Player of the year: Markus Rosenberg (Malmö FF)
After nine years in Europe’s biggest leagues, Markus Rosenberg came home to Malmö, the club he first joined at the age of five. The striker was instrumental in the team’s domestic title defence and in the UEFA Champions League which saw them make it to the group stage, his goals and leadership qualities taking the team to the next level.

One to watch: Lasse Vibe (IFK Göteborg)
A late bloomer, Vibe scored just twice in 14 games during his first season with IFK Göteborg in 2013 but the 2014 campaign proved much more productive for the Dane. With 23 Allsvenskan goals to his name, including three hat-tricks, the forward also won himself a first international cap at the age of 27.

Surprise package: Falkenbergs FF
Most experts thought the newcomers would enjoy just a one-year stay in the Allsvenskan but coach Henrik Larsson and his players had other ideas. A 13th-placed finish means there will be more top-level football in the west coast town next year, although former Sweden great Larsson will not be with them having stepped down at the end of the season.

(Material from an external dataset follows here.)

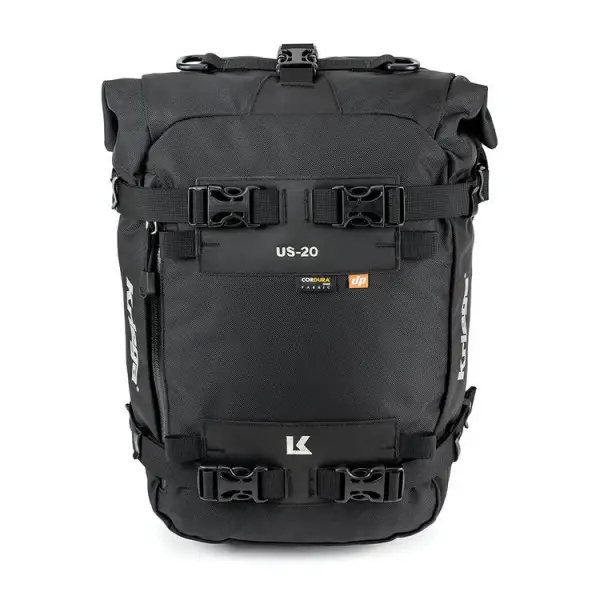 Kriega Drybag US-20 USC20 20-liter motorcycle bag Black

Leading scorer: Lasse Vibe (IFK Göteborg), 23

Relegated: Mjällby AIF, IF Brommapojkarna

Promoted: Hammarby IF, GIF Sundsvall

Number: 40
The age of Åtvidabergs FF's Kristian Bergström when he scored midway through the second half of the last match of the season. Bergström's effort in the 2–1 win against Malmö – his sole goal the year – made him the league's oldest ever scorer.

"He had an incredible energy – a drive and a fighting spirit that others cannot even come near. Klas was a wonderful person."
Elfsborg captain Anders Svensson was one of many Swedes with fond memories of the late Klas Ingesson.